Since this is Game of Thrones that we're talking about, the best candidate isn't guaranteed to be the one who ultimately wins the game, but there are hints that Tyrion is maneuvering the necessary pieces into place to take the throne. Remember that worried look he gives the camera as he watches Jon enter Daenerys's room in the season seven finale? I doubt that look has anything to do with jealousy, and everything to do with a dawning realisation that neither Daenerys nor Jon is going to listen to his advice if they have one another. That's bad news for Westeros, and Tyrion knows it.
Tyrion is the ultimate chess player, and he's maneuvered his way across the board into a position of true power. He is still the Hand of the Queen, and with another theory going around that he may have directed Cersei to lie about sending her troops North in order to keep Jon and Daenerys's focus on winning the war against the Night King, Tyrion may be working on stageing a coup. He'll wait until the Night King is defeated, of course, but given everything he knows about how the Mother of Dragons leads, he may very well betray her before the show ends. (That's if he hasn't done it already.) That sets up an endgame where Tyrion and Cersei face off, rather than Daenerys and Cersei, and that's a battle that would be grounded in a much richer sense of character and history.
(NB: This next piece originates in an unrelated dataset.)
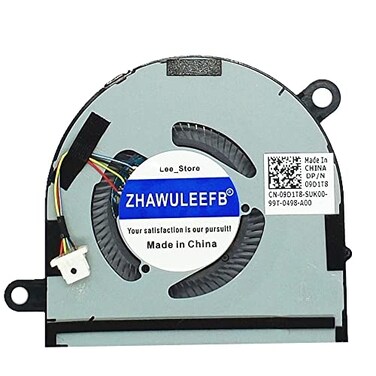 ZHAWULEEFB Replacement New CPU Cooling Fan Intended for Dell Latitude 9410 7400 2in1 2n1 Fan DPN 09D1T8 DC28000M3SL EG50040S1CG90S9A 4pin DC5V 027A Not Compatible with Latitud 7400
If Jon and Daenerys fall in battle, the remaining players on the board will likely back Tyrion as king. Sansa will remember his kindness, Jaime is wise enough to know his brother is a better candidate to lead than their sister, and while in the North he will no doubt continue to cultivate strong bonds with the small folk. By the time the war with the dead ends, Tyrion is going to look like the only viable candidate to lead — even if he's not a Targaryen. The best part is, if he does become king, it will prove that Westeros is finally ready for progress — a leader will not be determined by blood or brute strength, but rather through wisdom. And as the character who most embodies the truth that cleverness and smarts matters more than blood or skill with a sword, Tyrion's win would be the most fitting end for the series, and the best possible outcome for the Seven Kingdoms.